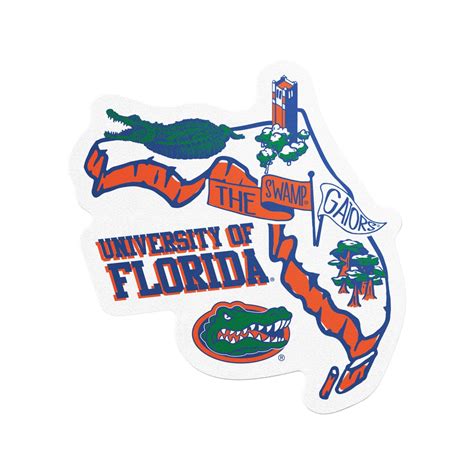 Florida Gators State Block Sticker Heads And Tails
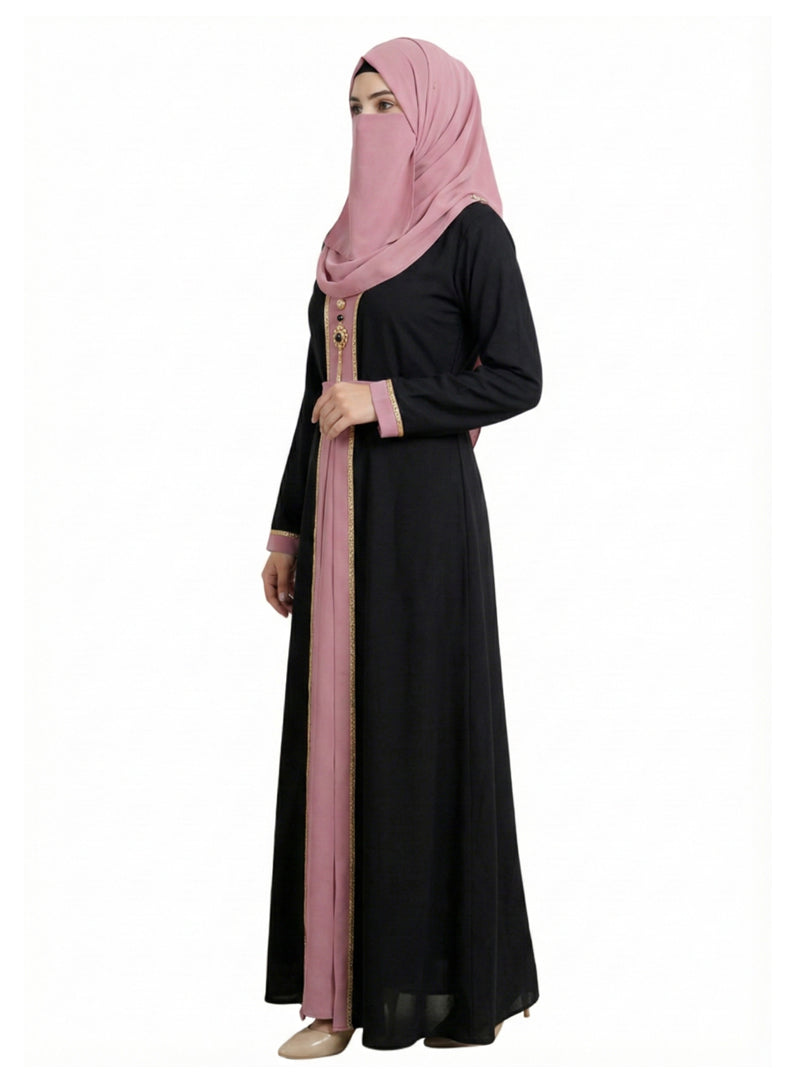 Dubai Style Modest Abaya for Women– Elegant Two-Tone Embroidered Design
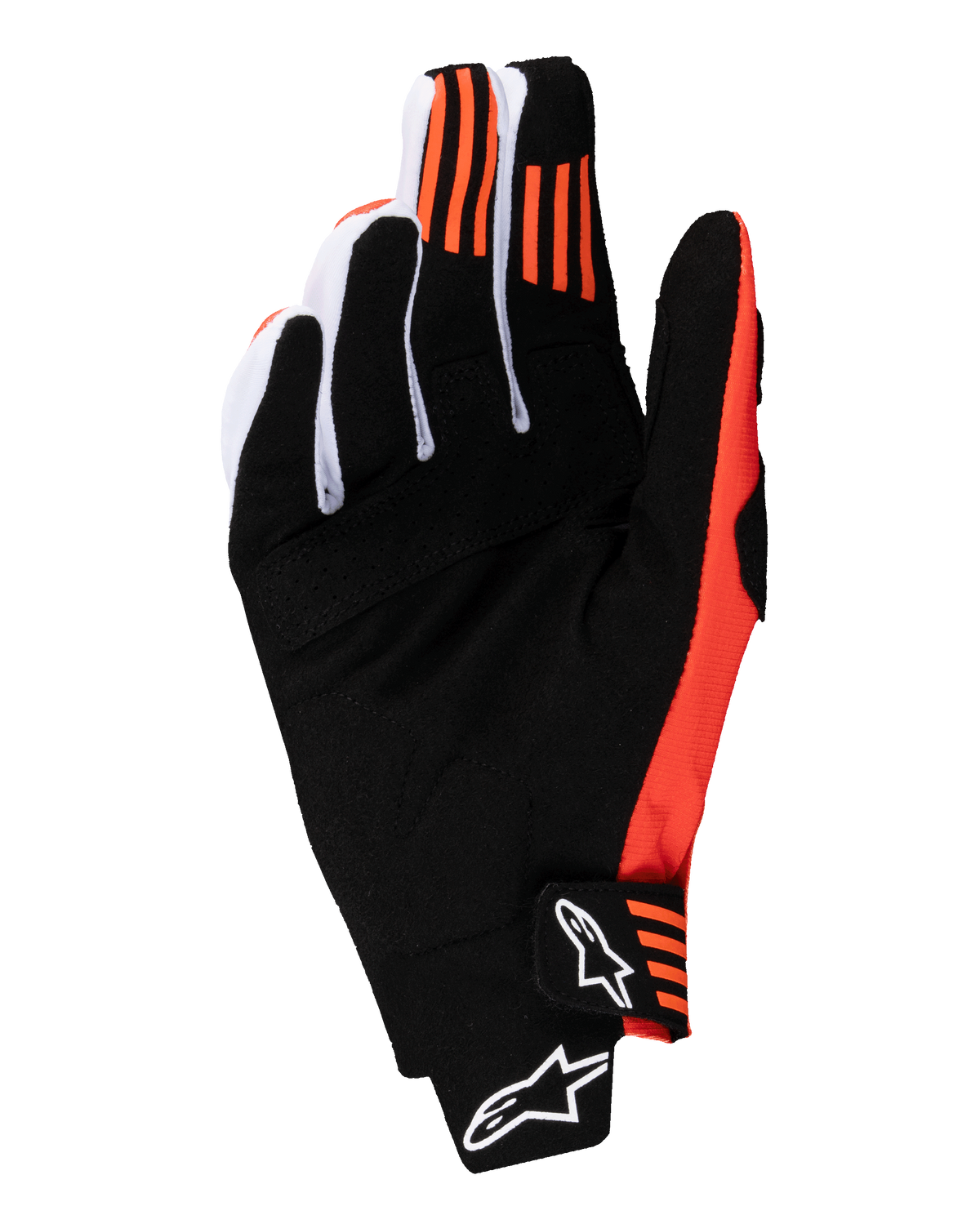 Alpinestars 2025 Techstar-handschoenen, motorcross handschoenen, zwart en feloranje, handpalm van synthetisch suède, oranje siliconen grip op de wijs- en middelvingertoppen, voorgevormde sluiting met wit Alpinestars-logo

------------------------------------------------

- Directions for this task: Reprint the whole listing verbatim except for the pictures.

- Finished exercise:
 Florida Gators State Block Sticker Heads And Tails
 Dubai Style Modest Abaya for Women– Elegant Two-Tone Embroidered Design
 Alpinestars 2025 Techstar-handschoenen, motorcross handschoenen, zwart en feloranje, handpalm van synthetisch suède, oranje siliconen grip op de wijs- en middelvingertoppen, voorgevormde sluiting met wit Alpinestars-logo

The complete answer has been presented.